**The records**
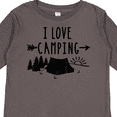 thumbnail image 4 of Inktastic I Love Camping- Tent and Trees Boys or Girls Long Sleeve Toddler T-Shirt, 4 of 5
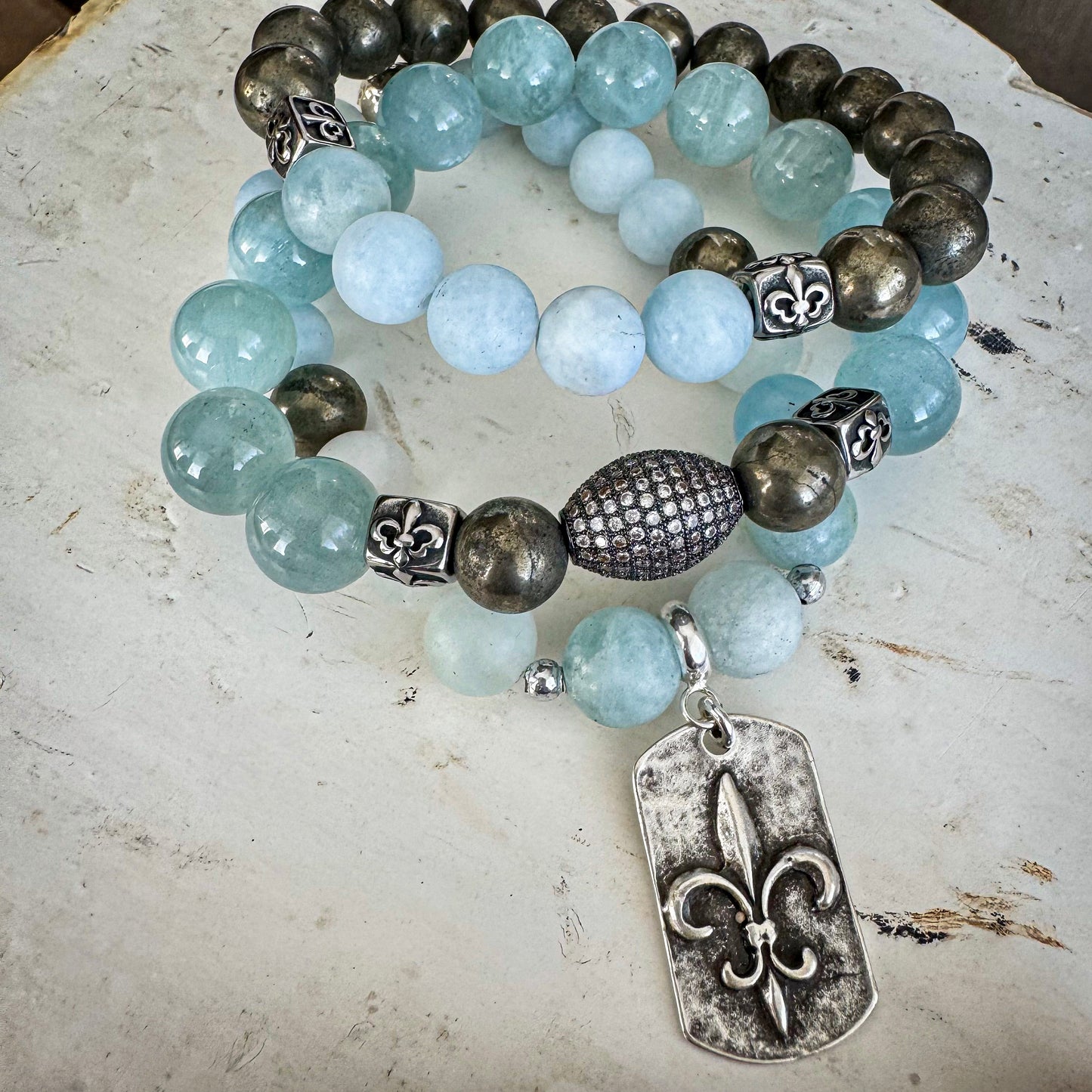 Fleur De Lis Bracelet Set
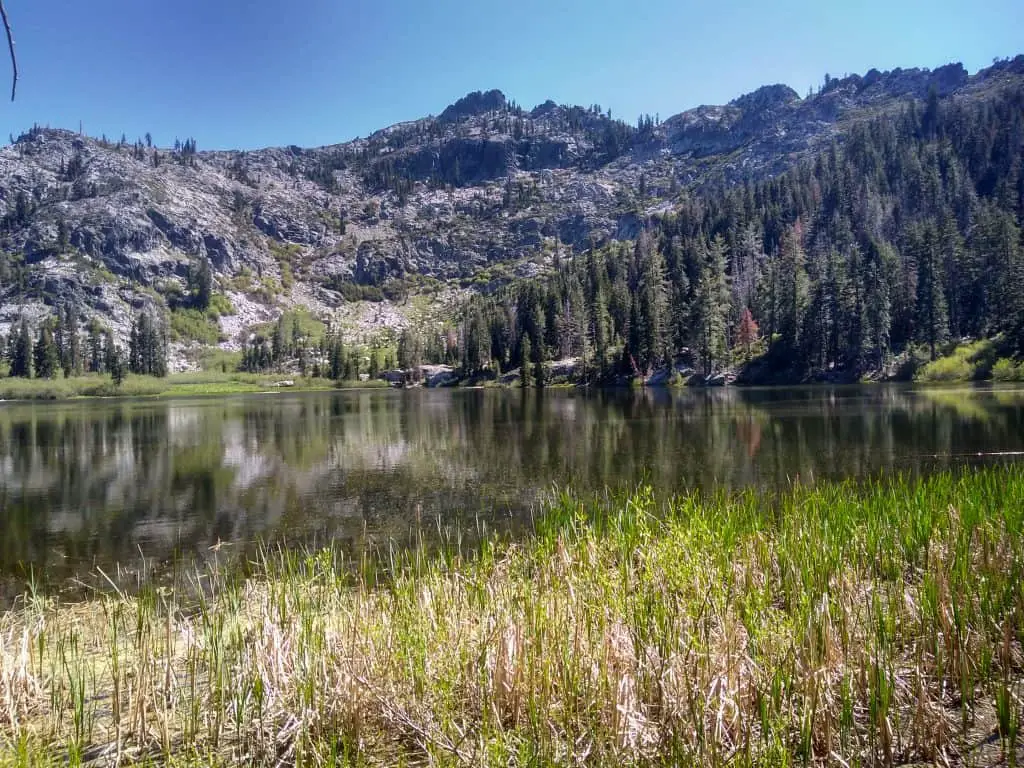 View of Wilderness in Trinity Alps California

--

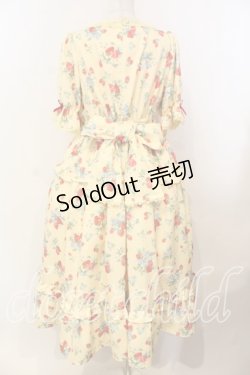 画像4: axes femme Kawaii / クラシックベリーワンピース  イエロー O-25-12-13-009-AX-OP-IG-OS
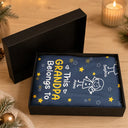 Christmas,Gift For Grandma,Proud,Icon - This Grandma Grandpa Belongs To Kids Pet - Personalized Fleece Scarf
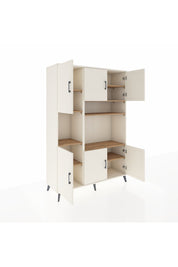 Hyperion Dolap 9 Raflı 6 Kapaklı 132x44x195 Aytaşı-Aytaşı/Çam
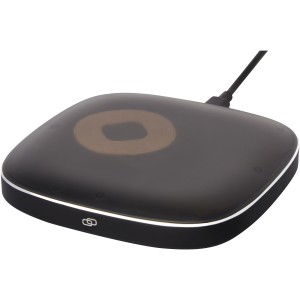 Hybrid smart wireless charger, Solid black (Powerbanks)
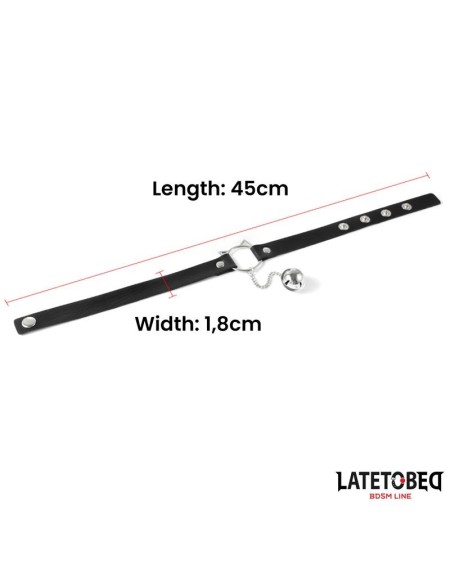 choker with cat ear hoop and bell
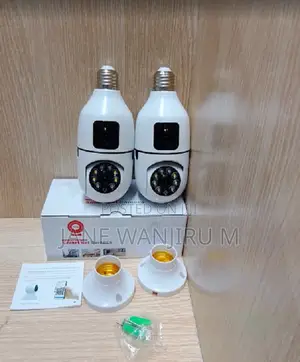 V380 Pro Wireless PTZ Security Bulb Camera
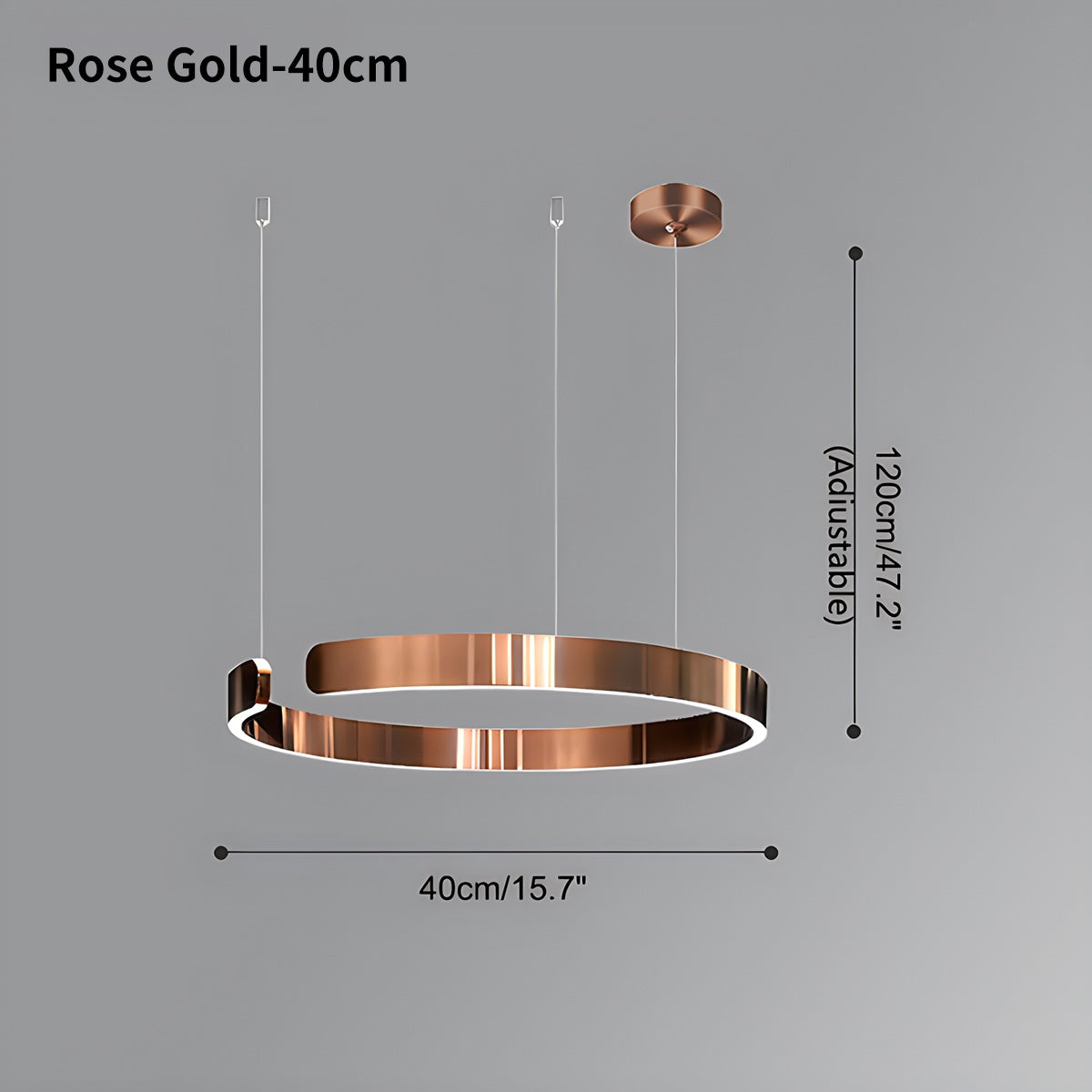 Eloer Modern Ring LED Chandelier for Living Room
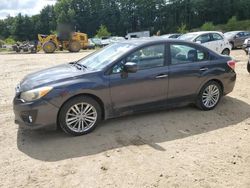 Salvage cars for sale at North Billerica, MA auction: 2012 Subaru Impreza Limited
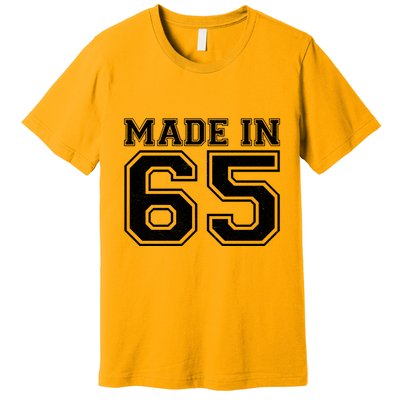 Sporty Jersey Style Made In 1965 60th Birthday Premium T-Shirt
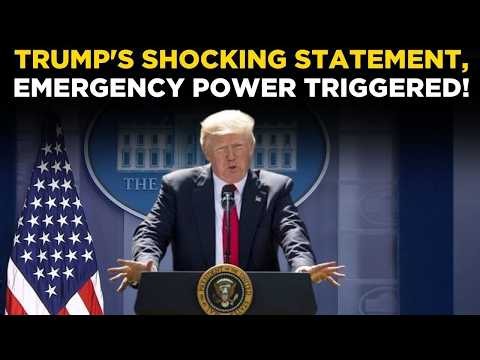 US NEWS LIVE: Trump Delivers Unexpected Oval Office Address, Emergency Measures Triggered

**Assignment**
If a picture sits between the line containing "Fleur De Lis Bracelet Set" and the line containing "View of Wilderness", leave it out, and return the lines of that range above exactly, both ends included.

**Task response**
 Fleur De Lis Bracelet Set
 View of Wilderness in Trinity Alps California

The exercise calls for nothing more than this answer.